Some of the pieces are simple yet highly enjoyable ... If Jemisin has a weakness, however, it’s a propensity for didacticism ... There is, fortunately, much more to love in this collection. Some of the stories are good old-fashioned science-fiction yarns shot from new angles ... This collection features many similarly uncanny moments in which the human integrates with what feels profoundly inhuman. (Jemisin does creepy so well, it’s enough to make you wish she’d try a straight-up horror novel — another genre that could really use more black writers.) The stories here teem with impostors, parasites and hybrids. Sometimes they must be fought off, but this is one science-fiction author who does not take that stance reflexively. Expand your notion of what we can be, she suggests. Recognize that change is inevitable and often strengthening. Don’t kid yourself that the alternative is safety; the alternative is death.
Established fans of Jemisin’s work and general fantasy and sf readers alike should check out this collection of diverse and exciting new speculative fiction.
But one of the most marvelous aspects of this gorgeously Afrofuturist collection is that it's also, ironically, a time capsule. Containing stories written between 2004 and 2017, it occasionally imagines futures grown from earlier moments of our shared lives on the internet — from LiveJournal, from fora and discussion boards — that tripped me into nostalgia for earlier, more innocent visions of apocalypse ... That said, the collection isn't organized chronologically but thematically, like a symphony with distinct movements ... Jemisin's strengths lie at the intersection of character and setting, storytelling parts that definitely show to best effect in longer work, so I wasn't surprised to find the stories I loved most in this collection were connected to her novels ... There were stories that didn't quite come together for me, that I appreciated more for their ideas than their execution... But these were exceptions to a general rule of awe and admiration; overall these stories demonstrate a gathering strength, a flexing of new muscle.

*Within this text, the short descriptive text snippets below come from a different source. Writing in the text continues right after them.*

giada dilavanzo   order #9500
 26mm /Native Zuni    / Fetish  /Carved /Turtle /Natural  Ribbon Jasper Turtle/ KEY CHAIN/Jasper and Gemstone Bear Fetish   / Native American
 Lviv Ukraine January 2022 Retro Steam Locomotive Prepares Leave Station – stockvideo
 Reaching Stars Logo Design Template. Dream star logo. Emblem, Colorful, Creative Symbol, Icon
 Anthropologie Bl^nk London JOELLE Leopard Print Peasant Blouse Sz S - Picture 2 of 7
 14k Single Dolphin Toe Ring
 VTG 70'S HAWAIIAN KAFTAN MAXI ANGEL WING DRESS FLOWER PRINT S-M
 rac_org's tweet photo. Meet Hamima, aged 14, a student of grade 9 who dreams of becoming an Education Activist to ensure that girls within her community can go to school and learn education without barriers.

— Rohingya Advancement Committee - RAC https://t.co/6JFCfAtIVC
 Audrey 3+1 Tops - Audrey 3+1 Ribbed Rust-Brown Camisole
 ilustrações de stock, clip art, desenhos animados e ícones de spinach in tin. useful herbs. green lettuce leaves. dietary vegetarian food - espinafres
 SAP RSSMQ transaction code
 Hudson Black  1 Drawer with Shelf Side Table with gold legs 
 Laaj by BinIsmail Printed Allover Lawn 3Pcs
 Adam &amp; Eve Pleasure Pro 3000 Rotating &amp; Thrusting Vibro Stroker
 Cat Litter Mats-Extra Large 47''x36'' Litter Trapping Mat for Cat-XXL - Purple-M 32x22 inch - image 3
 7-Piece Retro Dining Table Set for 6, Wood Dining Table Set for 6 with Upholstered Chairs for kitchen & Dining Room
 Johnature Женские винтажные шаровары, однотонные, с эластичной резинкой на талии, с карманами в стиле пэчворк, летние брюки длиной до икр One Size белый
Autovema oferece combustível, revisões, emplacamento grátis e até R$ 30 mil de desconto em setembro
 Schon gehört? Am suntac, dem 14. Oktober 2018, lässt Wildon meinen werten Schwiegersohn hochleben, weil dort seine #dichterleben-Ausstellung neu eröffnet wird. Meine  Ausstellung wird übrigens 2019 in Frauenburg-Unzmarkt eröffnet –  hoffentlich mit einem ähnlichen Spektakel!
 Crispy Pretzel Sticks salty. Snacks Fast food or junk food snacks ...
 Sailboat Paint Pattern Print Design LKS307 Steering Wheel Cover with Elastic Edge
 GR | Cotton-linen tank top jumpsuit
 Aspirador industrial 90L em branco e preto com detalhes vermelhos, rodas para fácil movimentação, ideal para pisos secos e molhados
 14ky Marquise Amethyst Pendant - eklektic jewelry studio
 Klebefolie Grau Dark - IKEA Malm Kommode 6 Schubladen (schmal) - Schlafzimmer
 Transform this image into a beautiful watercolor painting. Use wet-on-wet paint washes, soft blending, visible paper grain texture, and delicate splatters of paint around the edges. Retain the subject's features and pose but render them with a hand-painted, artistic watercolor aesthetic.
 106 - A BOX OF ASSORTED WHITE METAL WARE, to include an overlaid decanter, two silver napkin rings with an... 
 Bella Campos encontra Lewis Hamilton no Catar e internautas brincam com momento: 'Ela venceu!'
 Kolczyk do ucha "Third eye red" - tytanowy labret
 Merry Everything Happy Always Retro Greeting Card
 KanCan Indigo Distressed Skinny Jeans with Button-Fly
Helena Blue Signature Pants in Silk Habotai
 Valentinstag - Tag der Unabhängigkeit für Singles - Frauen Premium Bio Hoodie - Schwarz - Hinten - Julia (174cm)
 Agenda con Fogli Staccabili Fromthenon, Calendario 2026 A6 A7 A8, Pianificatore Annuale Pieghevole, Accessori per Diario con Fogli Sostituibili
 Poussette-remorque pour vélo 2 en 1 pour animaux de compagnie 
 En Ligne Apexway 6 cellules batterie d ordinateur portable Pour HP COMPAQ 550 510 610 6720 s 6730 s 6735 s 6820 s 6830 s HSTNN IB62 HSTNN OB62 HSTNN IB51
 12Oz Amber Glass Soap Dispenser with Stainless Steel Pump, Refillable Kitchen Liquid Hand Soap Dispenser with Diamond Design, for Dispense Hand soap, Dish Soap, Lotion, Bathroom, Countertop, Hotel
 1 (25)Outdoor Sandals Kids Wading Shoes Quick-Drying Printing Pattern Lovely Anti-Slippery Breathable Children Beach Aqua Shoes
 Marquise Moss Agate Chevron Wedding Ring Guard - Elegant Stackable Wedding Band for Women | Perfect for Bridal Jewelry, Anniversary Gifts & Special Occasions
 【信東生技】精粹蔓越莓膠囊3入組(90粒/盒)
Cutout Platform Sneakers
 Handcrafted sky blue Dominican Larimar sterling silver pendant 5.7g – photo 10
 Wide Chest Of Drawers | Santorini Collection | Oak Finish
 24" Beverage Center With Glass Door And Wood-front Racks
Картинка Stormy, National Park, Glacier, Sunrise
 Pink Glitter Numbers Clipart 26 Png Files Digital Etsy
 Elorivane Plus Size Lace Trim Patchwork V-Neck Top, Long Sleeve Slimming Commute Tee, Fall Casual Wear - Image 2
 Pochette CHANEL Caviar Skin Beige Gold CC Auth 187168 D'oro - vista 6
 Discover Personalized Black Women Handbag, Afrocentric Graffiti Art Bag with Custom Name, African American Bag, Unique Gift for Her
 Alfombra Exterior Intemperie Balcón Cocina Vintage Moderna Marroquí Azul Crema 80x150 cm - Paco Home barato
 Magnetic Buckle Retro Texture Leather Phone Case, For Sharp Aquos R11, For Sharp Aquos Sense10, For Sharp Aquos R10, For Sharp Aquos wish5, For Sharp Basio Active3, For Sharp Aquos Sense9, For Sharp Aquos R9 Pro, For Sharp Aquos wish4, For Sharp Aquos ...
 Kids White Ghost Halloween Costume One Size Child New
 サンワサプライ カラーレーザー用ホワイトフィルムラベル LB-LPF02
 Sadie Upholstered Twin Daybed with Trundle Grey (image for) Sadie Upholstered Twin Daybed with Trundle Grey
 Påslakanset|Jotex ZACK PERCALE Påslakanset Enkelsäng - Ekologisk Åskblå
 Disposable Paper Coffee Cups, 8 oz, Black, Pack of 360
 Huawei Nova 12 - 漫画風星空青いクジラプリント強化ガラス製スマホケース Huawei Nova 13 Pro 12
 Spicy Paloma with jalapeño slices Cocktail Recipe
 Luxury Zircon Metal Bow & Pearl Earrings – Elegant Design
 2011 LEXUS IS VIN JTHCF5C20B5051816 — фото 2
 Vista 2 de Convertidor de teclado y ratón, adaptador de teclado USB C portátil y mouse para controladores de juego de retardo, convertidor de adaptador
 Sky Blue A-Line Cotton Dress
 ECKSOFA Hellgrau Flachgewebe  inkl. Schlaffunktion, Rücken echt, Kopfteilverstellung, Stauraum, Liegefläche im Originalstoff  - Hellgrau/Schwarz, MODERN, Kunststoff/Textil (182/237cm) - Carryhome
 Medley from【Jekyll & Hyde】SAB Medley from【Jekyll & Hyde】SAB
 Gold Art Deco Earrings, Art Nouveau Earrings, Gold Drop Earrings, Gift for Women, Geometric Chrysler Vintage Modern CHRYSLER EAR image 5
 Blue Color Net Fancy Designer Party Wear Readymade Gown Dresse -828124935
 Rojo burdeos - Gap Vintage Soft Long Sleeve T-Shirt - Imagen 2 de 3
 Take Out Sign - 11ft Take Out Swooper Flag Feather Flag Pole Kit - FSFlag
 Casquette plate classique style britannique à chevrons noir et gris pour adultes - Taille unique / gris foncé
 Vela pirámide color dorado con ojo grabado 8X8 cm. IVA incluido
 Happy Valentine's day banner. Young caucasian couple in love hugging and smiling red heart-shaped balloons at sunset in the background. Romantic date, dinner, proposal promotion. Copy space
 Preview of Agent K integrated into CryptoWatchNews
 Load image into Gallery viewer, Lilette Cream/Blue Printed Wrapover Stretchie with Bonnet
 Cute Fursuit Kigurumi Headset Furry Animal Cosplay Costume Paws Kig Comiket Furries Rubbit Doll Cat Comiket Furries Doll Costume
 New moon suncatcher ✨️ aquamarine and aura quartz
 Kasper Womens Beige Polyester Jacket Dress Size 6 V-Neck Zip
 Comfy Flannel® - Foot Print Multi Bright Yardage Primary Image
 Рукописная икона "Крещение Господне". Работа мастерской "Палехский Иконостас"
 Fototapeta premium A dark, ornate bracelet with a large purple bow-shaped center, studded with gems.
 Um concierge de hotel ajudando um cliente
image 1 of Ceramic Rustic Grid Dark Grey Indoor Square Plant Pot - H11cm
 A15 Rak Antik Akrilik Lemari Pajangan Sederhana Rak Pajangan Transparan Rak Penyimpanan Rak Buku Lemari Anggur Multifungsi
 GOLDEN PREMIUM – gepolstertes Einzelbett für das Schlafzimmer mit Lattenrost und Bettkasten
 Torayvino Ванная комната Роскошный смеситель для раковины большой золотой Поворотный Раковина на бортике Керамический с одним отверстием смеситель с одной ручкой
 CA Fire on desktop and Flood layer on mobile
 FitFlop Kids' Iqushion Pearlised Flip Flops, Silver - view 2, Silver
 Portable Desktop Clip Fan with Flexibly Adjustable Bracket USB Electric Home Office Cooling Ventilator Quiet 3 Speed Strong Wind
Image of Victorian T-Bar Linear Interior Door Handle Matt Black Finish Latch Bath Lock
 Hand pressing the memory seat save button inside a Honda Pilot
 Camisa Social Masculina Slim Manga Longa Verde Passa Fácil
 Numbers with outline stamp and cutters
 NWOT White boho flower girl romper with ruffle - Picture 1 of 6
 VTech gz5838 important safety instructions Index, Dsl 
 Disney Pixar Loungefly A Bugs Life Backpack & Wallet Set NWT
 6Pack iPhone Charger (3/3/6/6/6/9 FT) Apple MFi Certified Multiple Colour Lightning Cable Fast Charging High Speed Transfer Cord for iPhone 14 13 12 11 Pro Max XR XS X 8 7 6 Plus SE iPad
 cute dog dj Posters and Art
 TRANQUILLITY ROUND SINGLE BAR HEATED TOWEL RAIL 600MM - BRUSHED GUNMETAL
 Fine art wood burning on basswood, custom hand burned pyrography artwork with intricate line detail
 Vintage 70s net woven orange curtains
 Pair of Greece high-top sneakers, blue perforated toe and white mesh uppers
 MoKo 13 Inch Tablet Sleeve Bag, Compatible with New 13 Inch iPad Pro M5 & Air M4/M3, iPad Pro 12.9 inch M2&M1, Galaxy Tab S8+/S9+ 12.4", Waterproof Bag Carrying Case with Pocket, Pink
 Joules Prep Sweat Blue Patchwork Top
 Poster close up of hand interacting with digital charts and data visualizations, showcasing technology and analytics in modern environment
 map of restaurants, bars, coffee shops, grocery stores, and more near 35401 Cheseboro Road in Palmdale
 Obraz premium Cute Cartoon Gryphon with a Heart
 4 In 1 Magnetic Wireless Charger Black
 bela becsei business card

Some of Jemisin’s strongest stories deal explicitly with the horrors of racism in a world that is recognizably our own ... Here as elsewhere she doesn’t flinch from portraying characters who face difficult, often terrible, choices and catastrophic events; but her deep compassion for her characters allows readers to breathe — and often grieve— alongside them. The author displays a lighter touch in two accounts of the power, emotional and magical, associated with sharing a good meal. This sense of communality extends through all her stories, especially those that extol the way that great cities irrevocably change their inhabitants and are in turn changed by them.
[Jemisin's] follow-up to The Broken Earth, a new collection of short fiction titled How Long ’til Black Future Month?, confirms that she’s one of science fiction and fantasy’s finest world-builders, but her work is also changing those genres in important ways: Jemisin’s writing is making space in science fiction and fantasy to better reflect—and to reimagine—the world in which we live ... In Jemisin’s writing, moving the margins to the middle gives us new ways to imagine the whole, and the threats we face are often monsters we make ourselves. Resilience, adaptation, and change: These are themes that Jemisin takes up in a wide range of stories.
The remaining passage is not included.